Sedari yang awalnya hanya berinisiatif mengumpulkan tanpa tahu akan jadi apa kedepannya, hanya berbekal keyakinan “Mungkin nanti ada gunanya, atau barangkali ada peneliti atau seniman yang butuh”. Semacam selalu ada bayangan akan masa depan, dan apa yang dilakukan pada hari ini akan menjadi masa lalu kelak dikemudian hari.

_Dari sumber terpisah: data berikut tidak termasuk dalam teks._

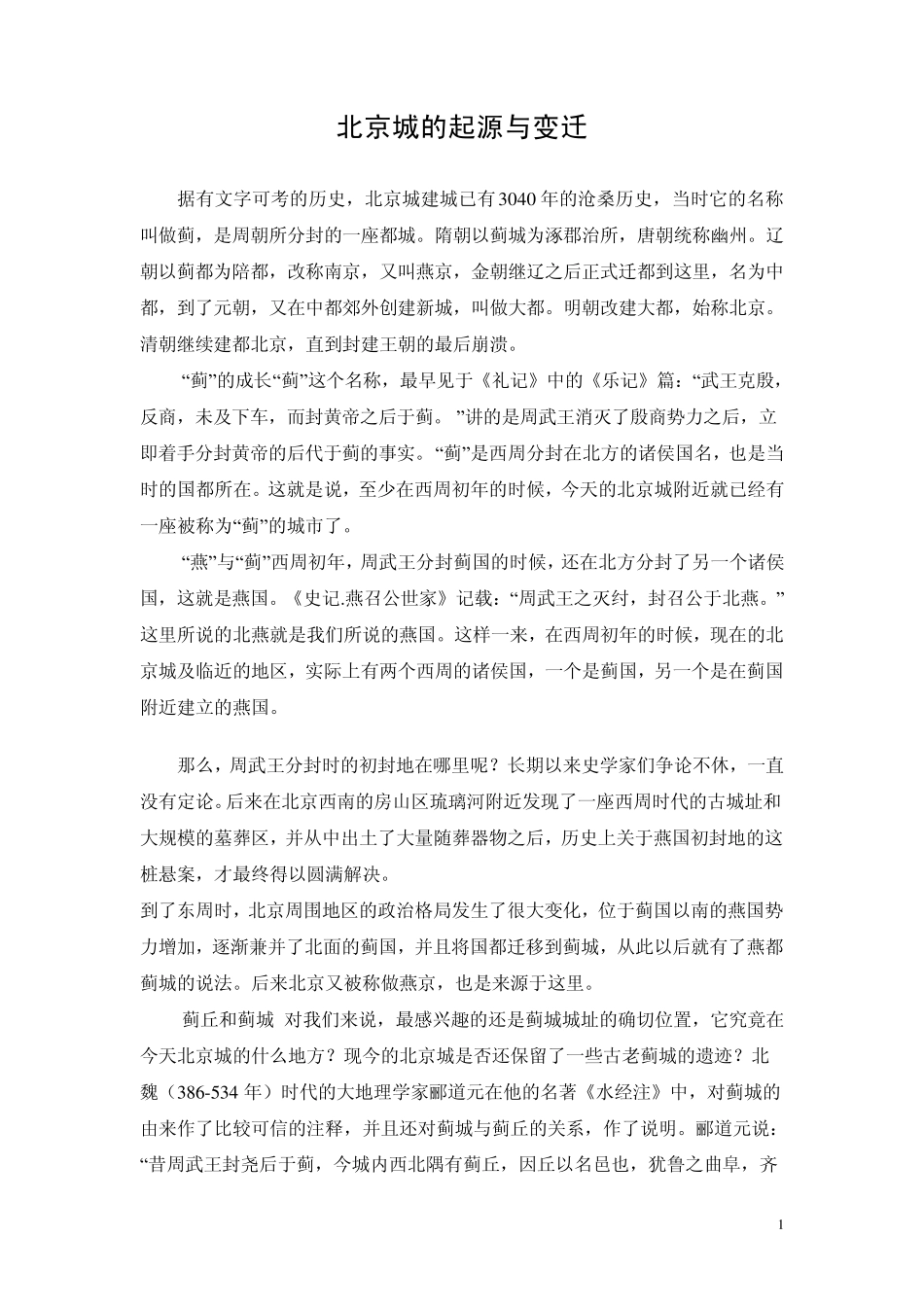 北京城的起源与变迁_第1页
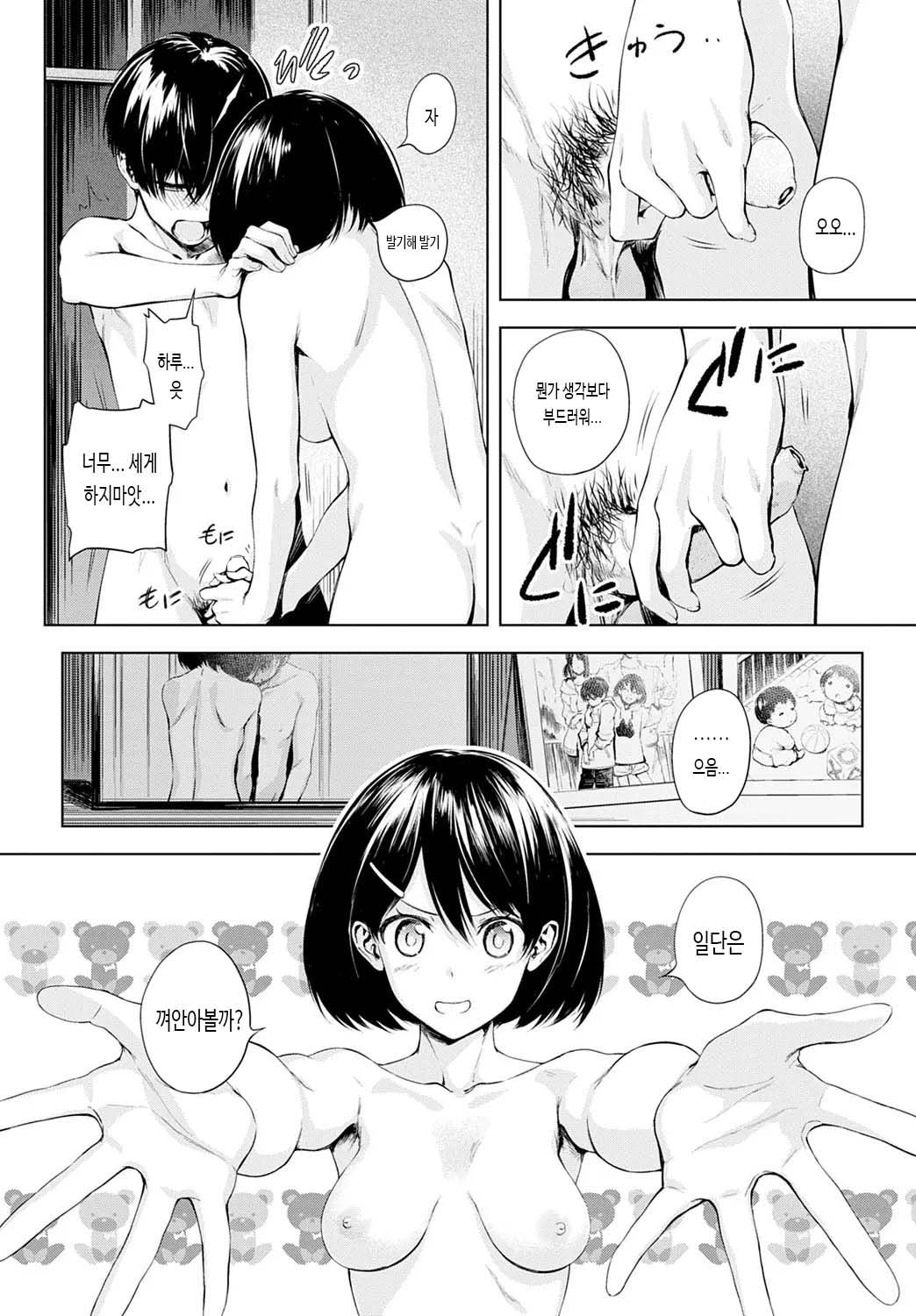 Futari Asobi page 4 full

Seperti yang pernah diungkapkan Agung Kurniawan dalam pengantar buku Folders 10 Tahun Dokumentasi Yayasan Seni Cemeti, bahwa arsip adalah obat mujarab bagi ingatan jangka pendek kita.
Bersama dengan itu pula kerja pengarsipan IVAA terus berevolusi bersama dengan waktu. Seperti frasa yang kerap kita dengar, yaitu quarter life crisis yang kerap mendera manusia ketika dewasa menjelang tiba, pertanyaan-pertanyaan reflektif atas kerja pengarsipan itu kian kerap dialamatkan pada lembaga arsip yang tahun 2020 ini memasuki usia 25 tahun.
Apakah kerja pengarsipan yang selama ini IVAA lakukan memang sesuai dengan kultur produksi pengetahuan yang beredar di masyarakat kita? Problem apa yang bisa saja muncul ketika meyakini arsip sebagai sumber informasi dan bukti? Apa konsekuensi jangka panjang dan ideologis dari pemberian hirarki kualitas suatu sumber?
Kekhawatiran bahwa lembaga arsip bisa saja ikut berkontribusi dalam glorifikasi narasi utama akan tetap membayangi. Keluhan atas arsip yang tidak mendapat banyak perhatian, juga sudah menjadi cerita turun-temurun antar generasi. Angan-angan bahwa pengetahuan dan penulisan, atau setidaknya dokumentasi sejarah seni Indonesia bisa lebih baik seandainya kesadaran pengarsipan muncul lebih awal juga bukan premis baru. Belum lagi ketika semakin terang bahwa pengarsipan selalu politis karena sifatnya yang terbatas hanya mampu menyimpan ingatan-ingatan tertentu. Berbagai pertanyaan tak terjawab ini masih menjadi suluh untuk terus melihat arsip sebagai bagian dari siklus kehidupan, bukan ujung dari sebuah perjalanan.
*Penulis adalah arsiparis IVAA. Bekerja di IVAA sejak tahun 2018.